=== Source data ===

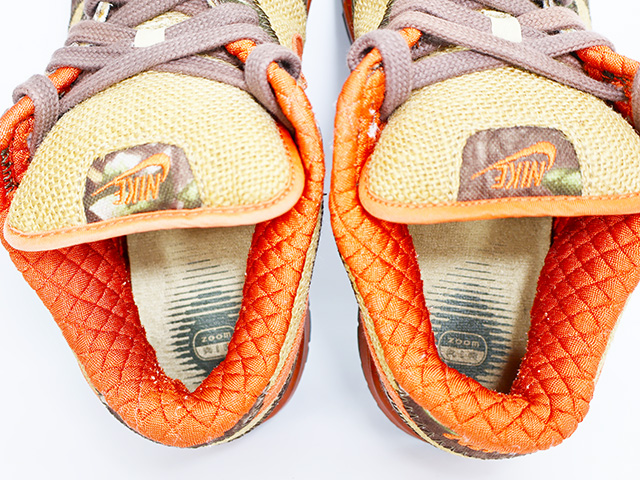 DUNK LOW PRO SB k-77514-44 - 5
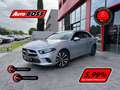 Mercedes-Benz A 250 250e 8G-DCT Gris - thumbnail 1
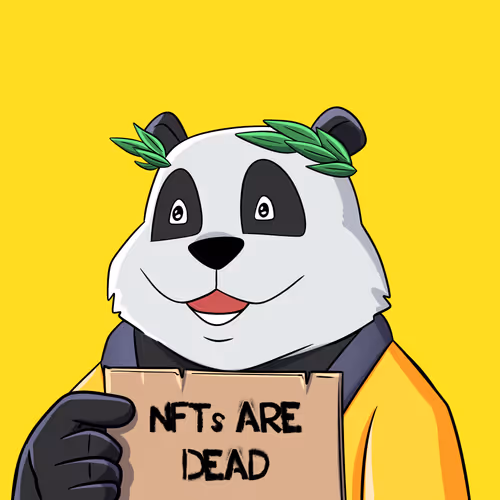 Merge Pandas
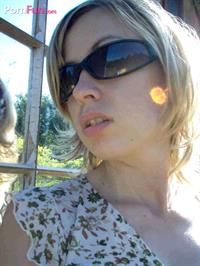 young adult doing some adulting just after graduation 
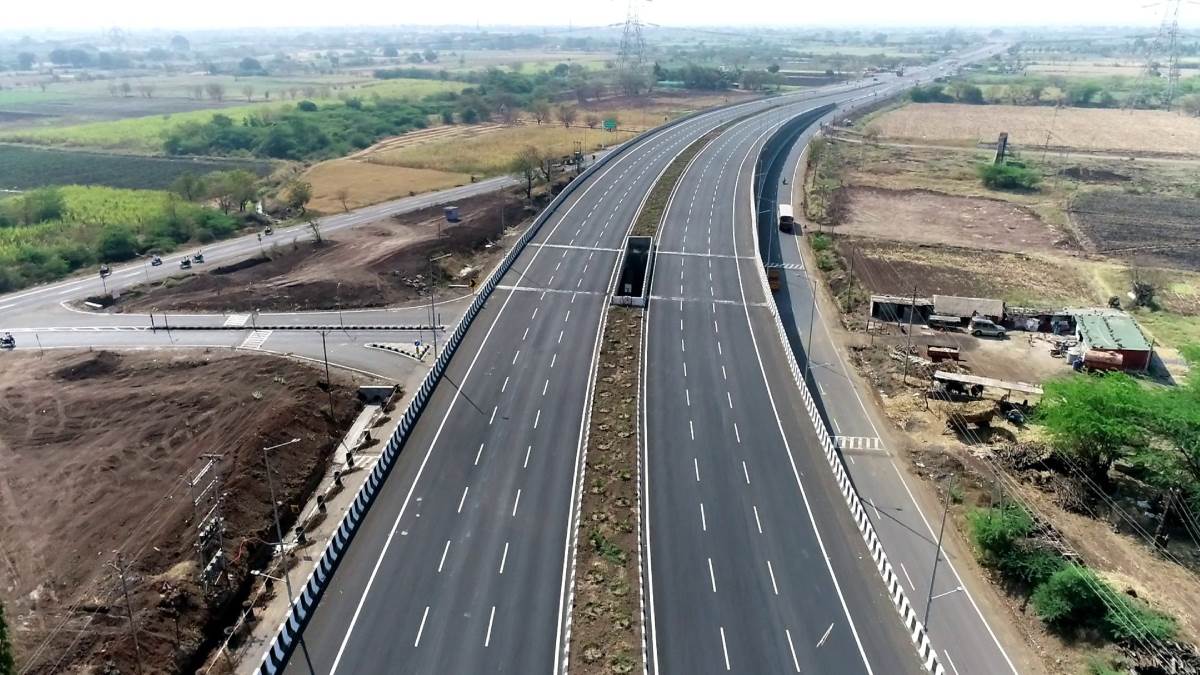lakhisarai news bypass road on kiul river embankment to ease traffic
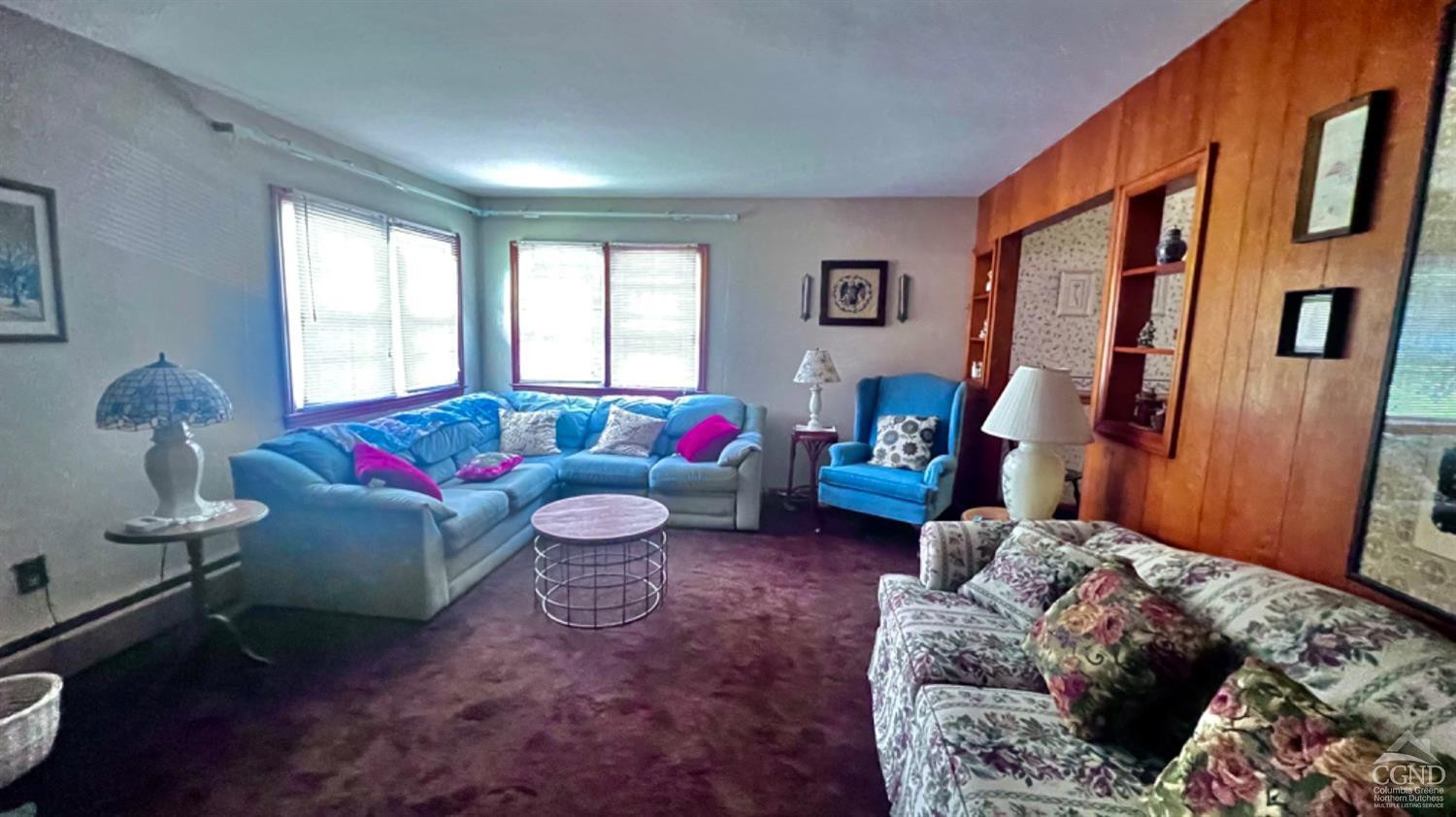 252 Route 199, Red Hook, New York image 16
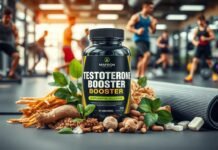 Pro Testosterone Ultra T-Boost Review: Honest Analysis Pro Testosterone Ultra T-Boost Review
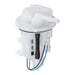 DURAFORCE For Yamaha YZ250F YZ450F WR250F 450F Fuel Pump Assembly 33D-13907-02-00 NEW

===

» Task statement
All of the data above is to be repeated exactly, with the pictures left out.

» The answer
 DUNK LOW PRO SB k-77514-44 - 5
 Mercedes-Benz A 250 250e 8G-DCT Gris - thumbnail 1
 Merge Pandas
 young adult doing some adulting just after graduation 
lakhisarai news bypass road on kiul river embankment to ease traffic
 252 Route 199, Red Hook, New York image 16
 Pro Testosterone Ultra T-Boost Review: Honest Analysis Pro Testosterone Ultra T-Boost Review
 DURAFORCE For Yamaha YZ250F YZ450F WR250F 450F Fuel Pump Assembly 33D-13907-02-00 NEW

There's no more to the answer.